The S&Ps opened up a touch and initially tried to rally, but as the chips and Qs began to fall apart, the S&Ps eventually followed them lower.
The remainder of the session was spent slowly fumbling lower until a sharp bounce appeared in the closing minutes to cut the loss on the day to just a touch in the S&Ps. That bounce would then continue during the runoff in the futures after MU (the flying pig) reported, and the initial reaction was positive.
The dollar was mostly firmer again, with the DXY rallying another touch to just shy of its May 2025 high. The dol/yen continues to hover near its 2024 high. Will the BOJ whack it?
Yields were also lower, but most of the decline was once again in the long end, as the curve continues to flatten. Tomorrow's PCE data could further exacerbate this flattening if a "hot" number is perceived as making Warsh even more hawkish. Note the rips in BLDR and XHB today (i.e. - people are betting on lower mortgage rates because tough guy Warsh is going to make inflation his bitch as well as this stupid housing bill).
Again, I don't believe Warsh is going to be as tough as people think, but that's where the mob's head is right now. If stocks finally turn over, which may be in process, we'll see how tough he is.
BTC tanked another 4 percent to a new 52-week low, and MSTR vomited 9 percent to a new 52-week low. These charts continue to be a crime scene, although the precious metals are right on their heels in the crime scene department.
Commodities were clubbed again, with the DJP bberg commodity index ETF tanking another 2 percent to its 200 EMA (next stop the 200 dma, which is 2 percent away).
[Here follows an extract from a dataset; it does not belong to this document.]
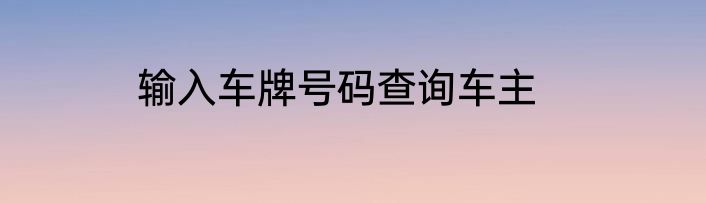 输入车牌号码查询车主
Platinum notably tanked 4 percent to a new low for the move, and copper fell over 2 percent to a new low for the week.
Gold was hammered once again and collapsed below its prior June low to as low as $3964 before a bounce took hold that carried it back up to $4040, where more sellers were waiting. From there, the rally fell apart, and the metal collapsed to a new low for the day of $3960 before bouncing in the remaining couple hours to go out back at $3998 for a loss of 3 percent.
Silver was hit even harder and plunged below its March low to as low as 58. Following a bounce with gold, silver then imploded to as low as 55.5. A bounce also appeared in the white metal over the remaining two hours of the equity session to carry it back up to $57 for a loss of 7 percent.
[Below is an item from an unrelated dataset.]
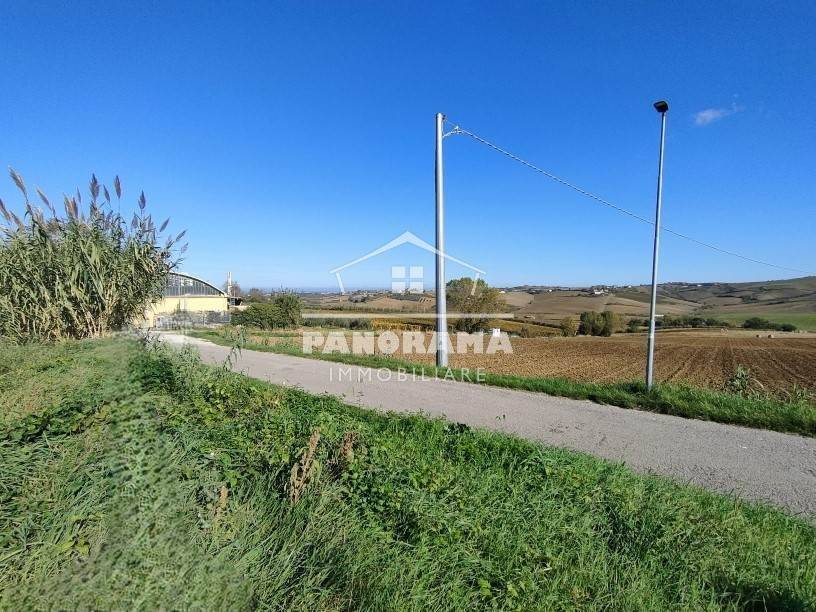 immagine annuncio 3 di 4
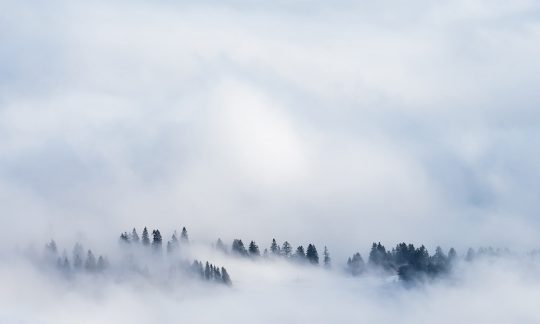 Did Jesus have limitations?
The GDX gapped down to just shy of its early June low and then bounced to with the metals to nearly fill the gap. As the bounce in the metals fell apart, the bounce in the GDX fell apart too, and the GDX would eventually collapse to within a few pennies of its early June low and never really got a lift from the afternoon bounce in the metals. What did eventually produce a bounce, however, in the closing minutes was the rebound in the S&Ps. For the close, the GDX would go out off the worst levels but still with a loss of 4 percent.
Once again the GDX produced an inverted hanging man, which could be a sign of a reversal forming. However, as was the case yesterday, the action tomorrow needs to confirm and produce upside.
With gold, silver, and platinum all now shattering their June lows, an upside reversal now becomes more problematic. The continued rally in the dollar also doesn't help.
With the GDX, GDXJ, SIL, SILJ, HUI, and XAU all clinging to their June lows by their fingernails despite the metals all smoking those lows, the question now is whether that's a sign of strength because the mining longs know the metals will soon reverse. Or, is it more a sign of complacency and overconfidence that will be shattered if the metals don't rally tomorrow. I must admit after today's action and the fact that the strength in the miners last week was "wrong" that I'm a little worried about the latter being the case. Hopefully, I'm wrong about that.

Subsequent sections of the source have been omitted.